*WHAT YOU HAVE TO DO*: When you reach the line containing "41 Saybrook Place, Buffalo, New York 14209, Buffalo, New" in the records below, set it down exactly, together with every later line through the end, but not the pictures.

*** GIVEN ENTRIES ***

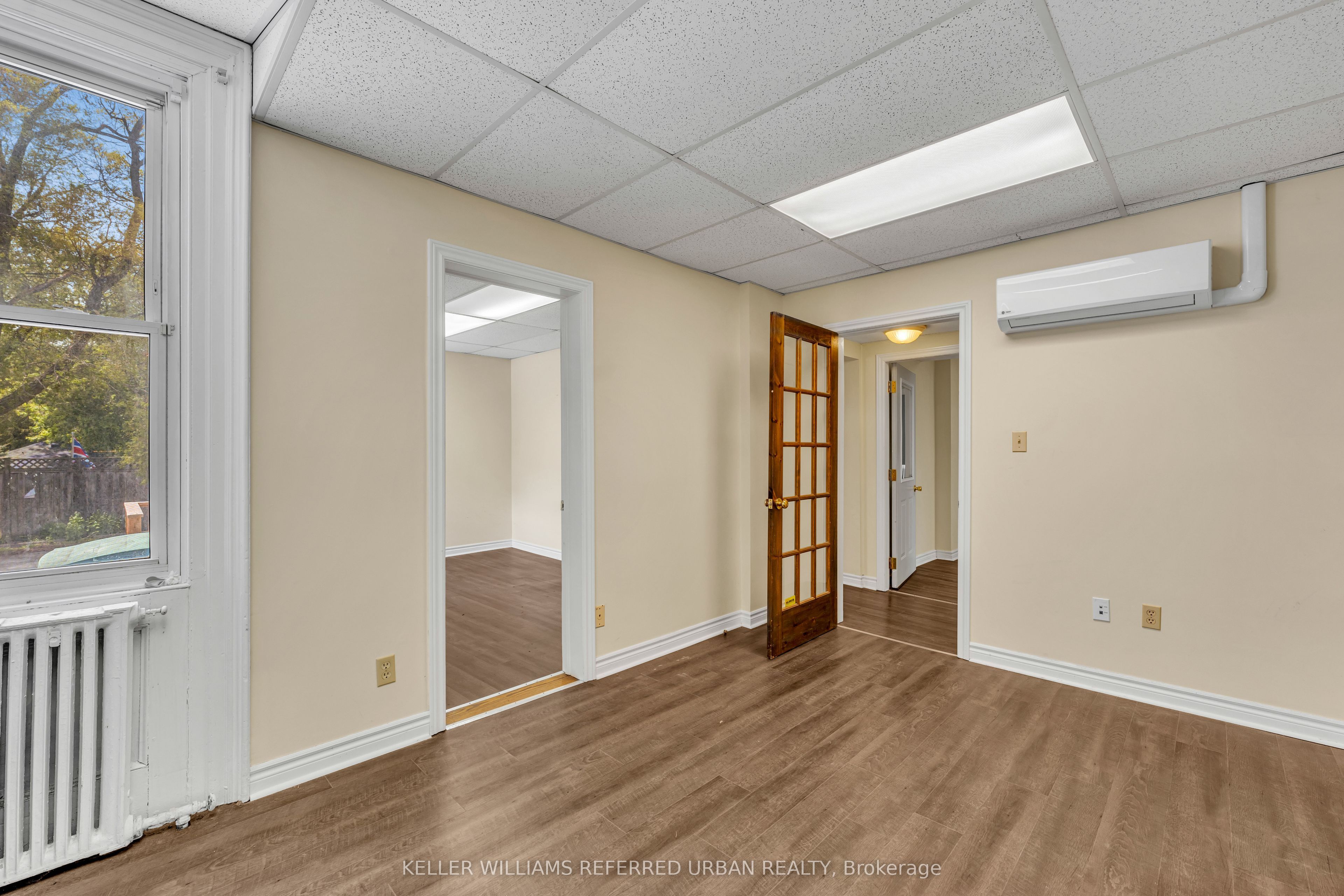319 Division St Property Photo 40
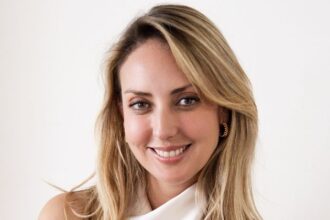 Leslie Gold acompaña a personas con diagnósticos complejos como cáncer, artritis, alergias o ansiedad, guiándolos a convertirse en investigadores de su propia historia.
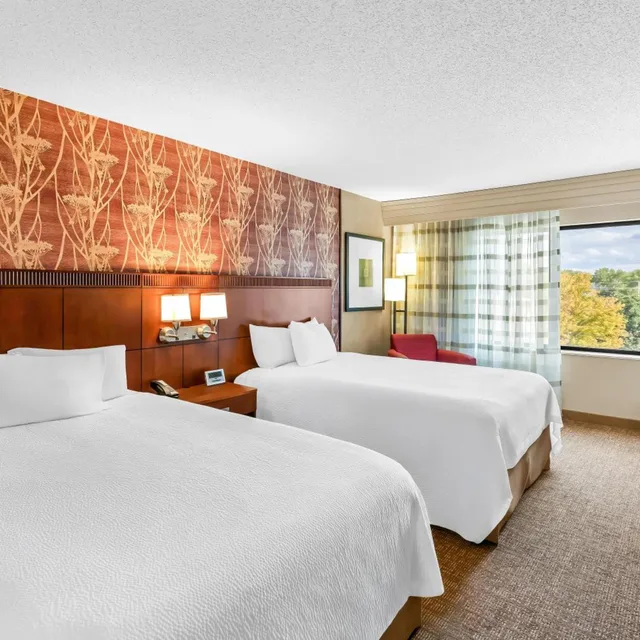 غرفة بسرير كوين، Sonesta Essential Junction City 1/5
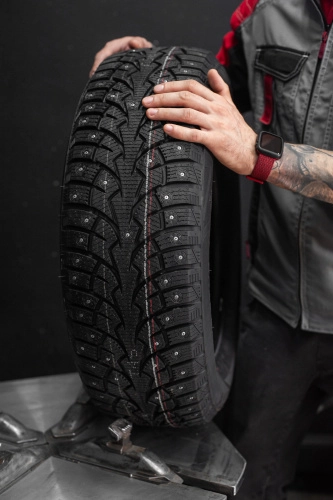 фото протектора и шины WINTERNOVA STUD I Шина ZMAX WINTERNOVA STUD I 185/65 R14 90T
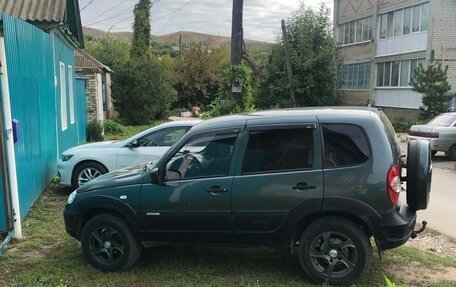 Chevrolet Niva I рестайлинг, 2015 год, 600 000 рублей, 2 фотография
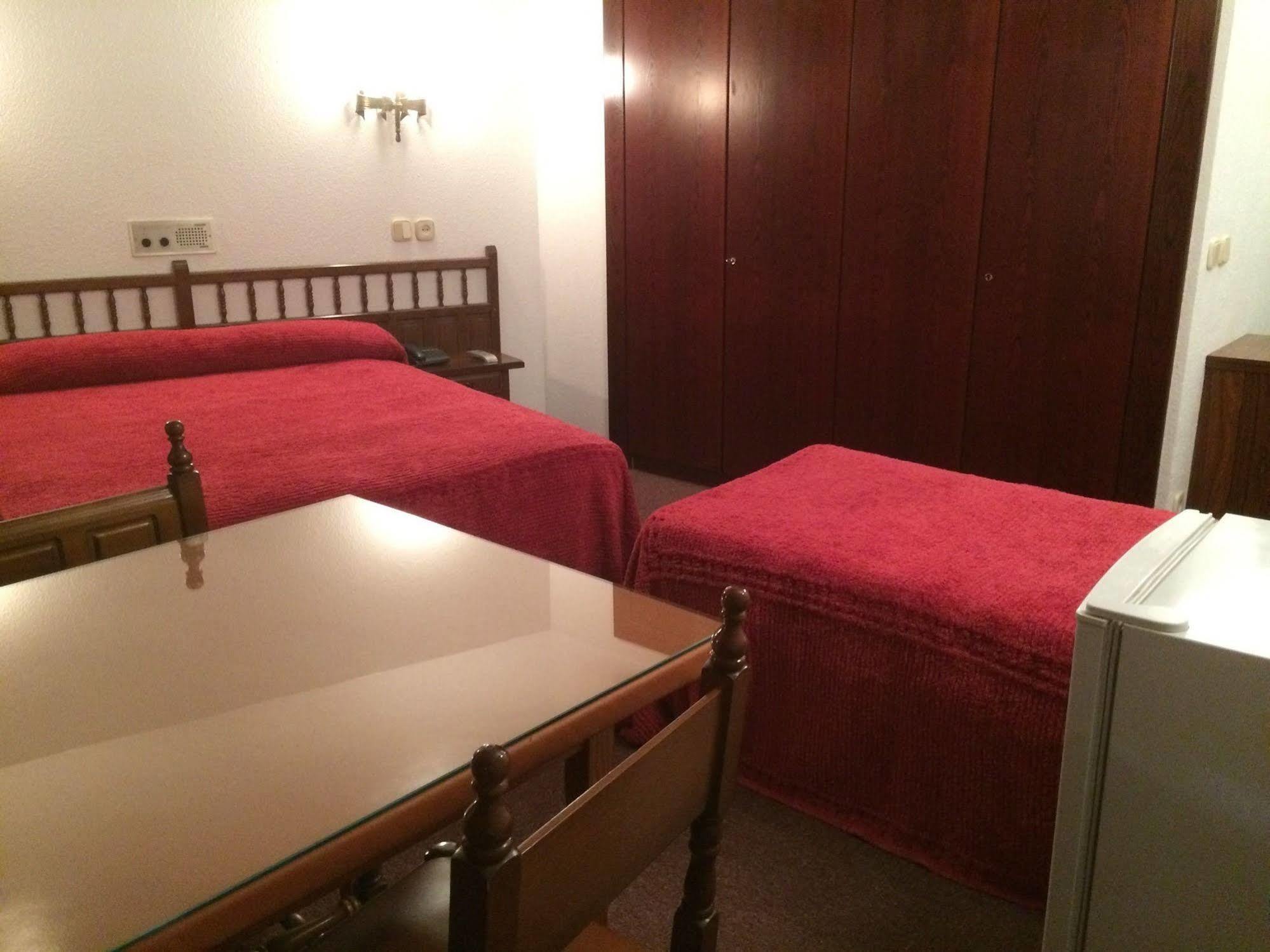 Hotel Folch Sant Julià de Lòria Zewnętrze zdjęcie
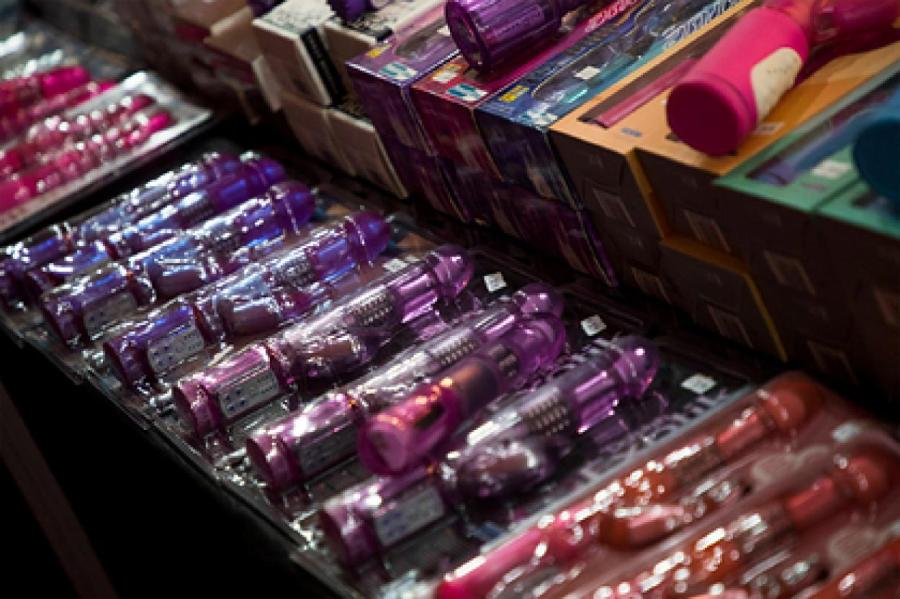 Владельцев секс-игрушек предупредили об их опасности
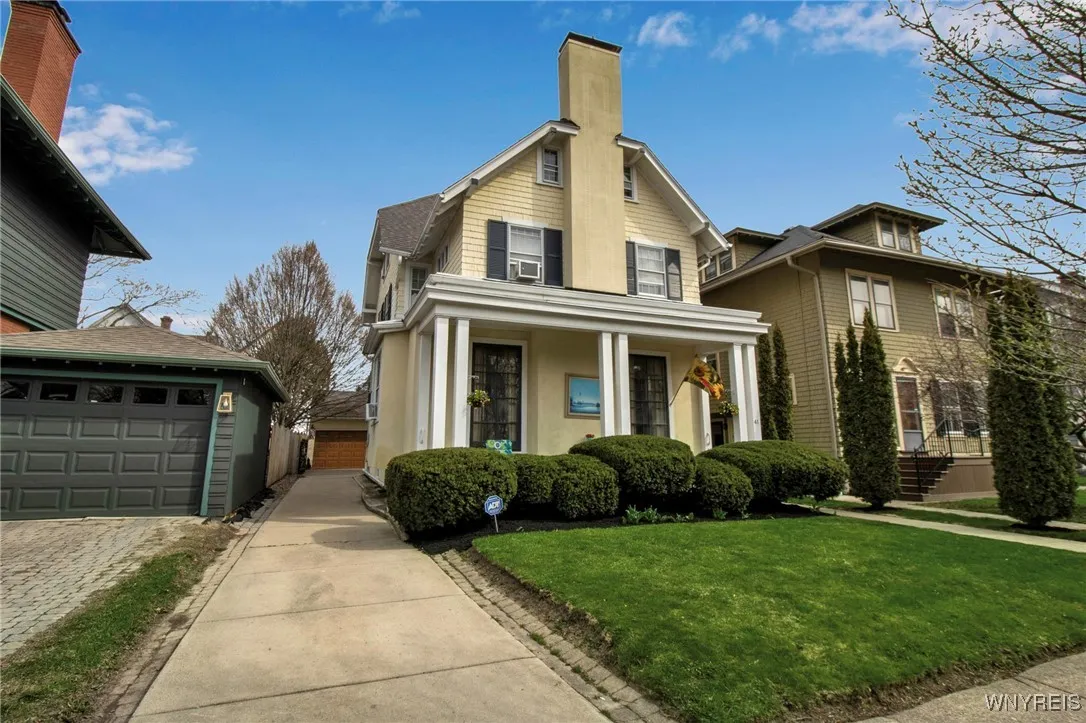 41 Saybrook Place, Buffalo, New York 14209, Buffalo, New York 14209, 4 Bedrooms Bedrooms, 9 Rooms Rooms,2 BathroomsBathrooms,Residential,Closed,41 Saybrook Place, Buffalo, New York 14209,B1611477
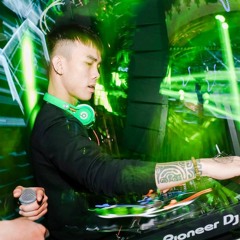 Happy New Year - DJ Bee ( 2018 )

*** End of GIVEN ENTRIES ***

*TASK ANSWER*:
 41 Saybrook Place, Buffalo, New York 14209, Buffalo, New York 14209, 4 Bedrooms Bedrooms, 9 Rooms Rooms,2 BathroomsBathrooms,Residential,Closed,41 Saybrook Place, Buffalo, New York 14209,B1611477
 Happy New Year - DJ Bee ( 2018 )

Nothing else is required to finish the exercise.